Arrogance by the Numbers

Filed under: — alice @ 18:07 GMT

From The Financial Times

Bush administration’s telephone snooping

George W. Bush assured Americans this week that his administration was doing nothing illegal by maintaining a record of telephone calls made by about 200m US subscribers. But the president has already made clear that his definition of what is legal applies to virtually anything he chooses to authorise in the name of national ­security.

The leak on Thursday to the USA Today newspaper revealing that the US National Security Agency was keeping a log of billions of calls made each year in America – in what is surely the largest database ever assembled – is troubling at many levels.
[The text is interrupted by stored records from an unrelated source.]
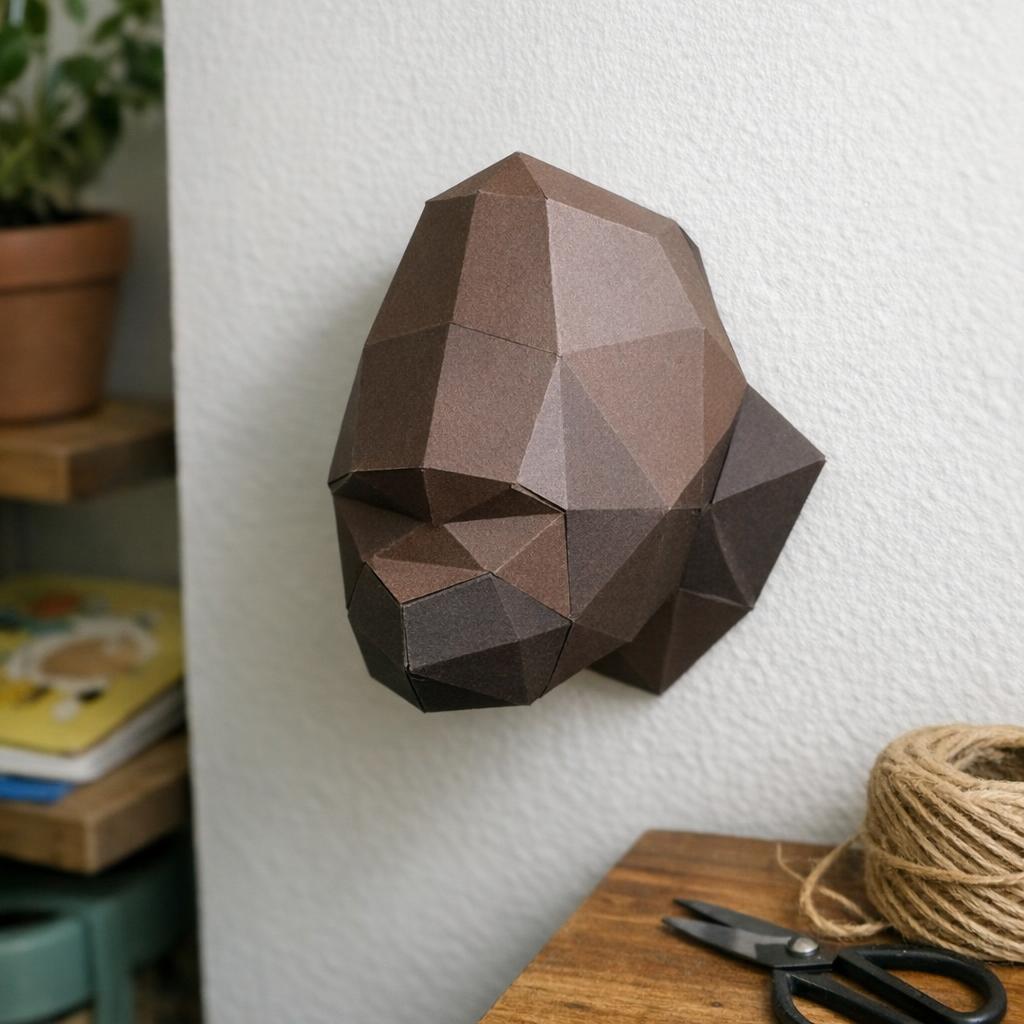 Petit trophée tête de gorille en papercraft 3D pour enfants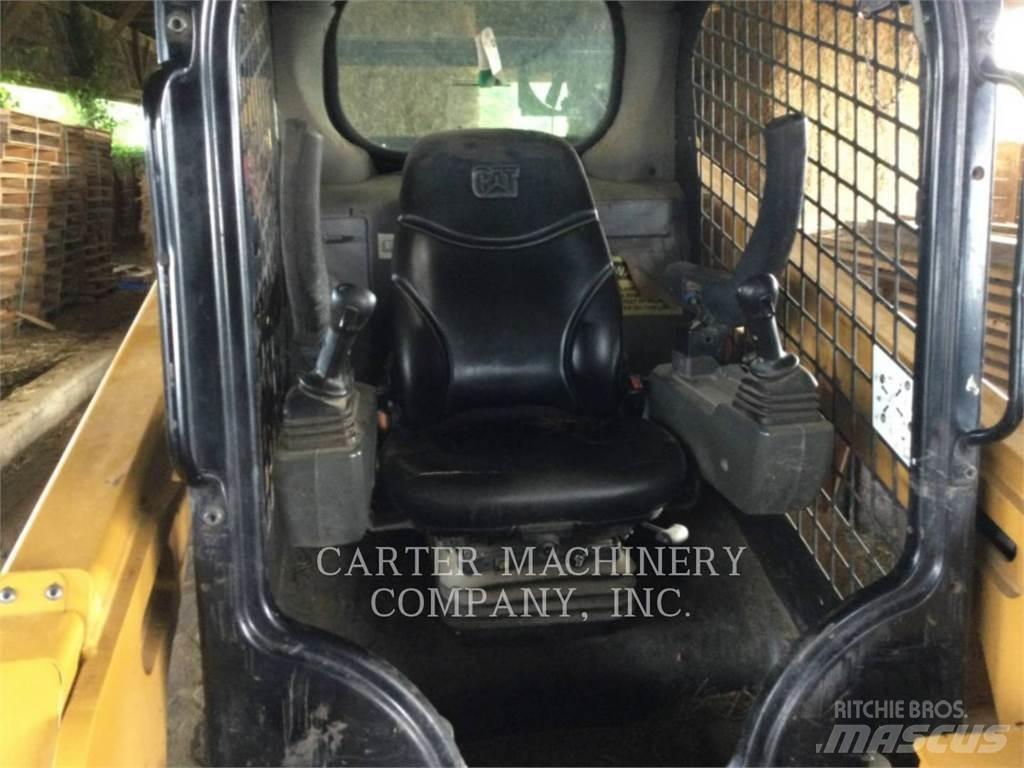 CAT 242D3 Mini incarcator
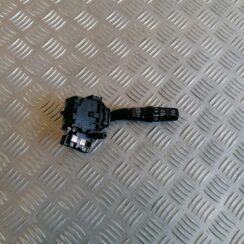 Stikla tīrītāja slēdzis priekš TOYOTA AVENSIS 2007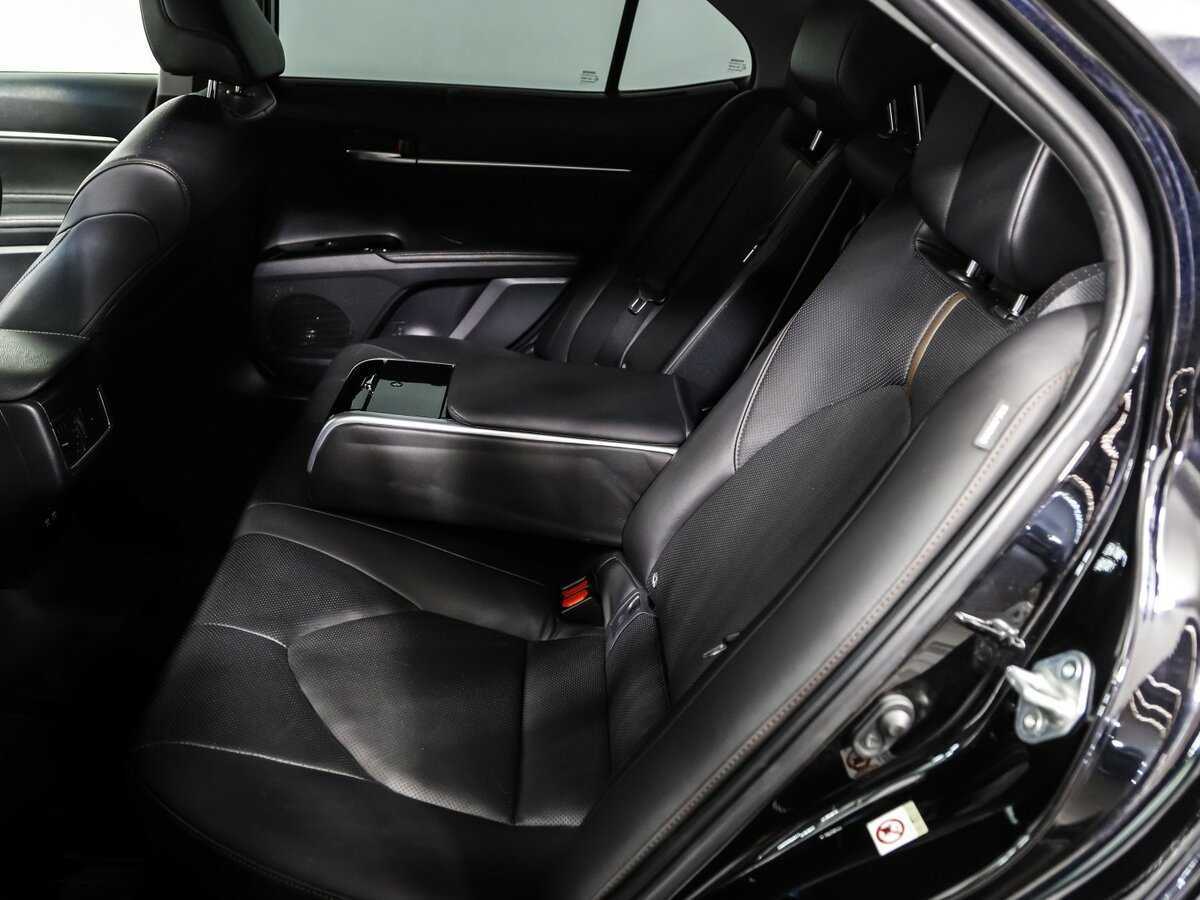 Купить Toyota Camry с пробегом. Фото: #12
It is the latest example of the administration’s habit of intruding on American freedoms – whether the right to privacy, habeas corpus or other ironclad constitutional protections – without having obtained permission from the courts or Congress.
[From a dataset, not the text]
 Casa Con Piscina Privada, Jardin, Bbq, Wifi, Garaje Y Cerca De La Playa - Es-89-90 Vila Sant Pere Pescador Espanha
Following the terrorist attacks of September 11 2001, Mr Bush de­clared America was engaged in a war that had no apparent territorial or temporal limits. He also made it clear he believed it was the president’s prerogative to decide how, where and when to conduct the war on terror – or any other war – without recourse to Congress. Mr Bush’s doctrine, which some call the “new imperial presidency”, strikes at the heart of America’s constitutional separation of ­powers.
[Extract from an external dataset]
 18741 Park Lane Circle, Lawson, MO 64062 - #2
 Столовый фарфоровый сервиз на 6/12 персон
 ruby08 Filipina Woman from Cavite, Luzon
The implications of Mr Bush’s doctrine are too manifold to enumerate here. But it is worth restating the most egregious. Since 2001 Mr Bush has decreed that it is the right of the executive alone to decide who – whether American or foreign – qualifies as an “unlawful enemy combatant” and then to detain that person without access to a lawyer or possibility of trial for an indefinite period, until death if necessary. Likewise, Mr Bush has absolved himself from following US and international laws that ban the use of torture for certain categories of people who are determined by the executive alone. Any attempt by Congress to constrain the administration by enacting new statutes is treated as advisory rather than legally binding. Mr Bush has appended more than 500 “signing statements” to new laws that give him the right to interpret what the law means. The most shocking example was Mr Bush’s assertion of the president’s right to ignore elements of a bill enacted by Congress last December that outlawed the use of torture.

In the words of the pro-Republican Cato Institute, Mr Bush’s doctrine states that, “when we’re at war, anything goes, and the president gets to decide when we’re at war”. Any attempt to question Mr Bush’s doctrine or to divulge its operational detail to the public is portrayed as assisting America’s enemies, including al-Qaeda. The only safeguard proffered against the executive’s abuse of these extraordinary wartime powers is that Mr Bush can be trusted to do the right thing.

None of this is to dispute the fact that the fight against terrorism is different to the prosecution of conventional war and might necessitate the temporary curbing of certain freedoms, including the right to privacy. Most reasonable people, including judges, legislators and ordinary citizens, can agree on this. But Mr Bush’s actions go much further. Ultimately, they are also self-defeating. Whether or not Congress turns Democrat in November, Mr Bush faces a constitutional backlash that is probably unstoppable. In pursuit of the imperial presidency, Mr Bush has turned himself into a very premature lame duck.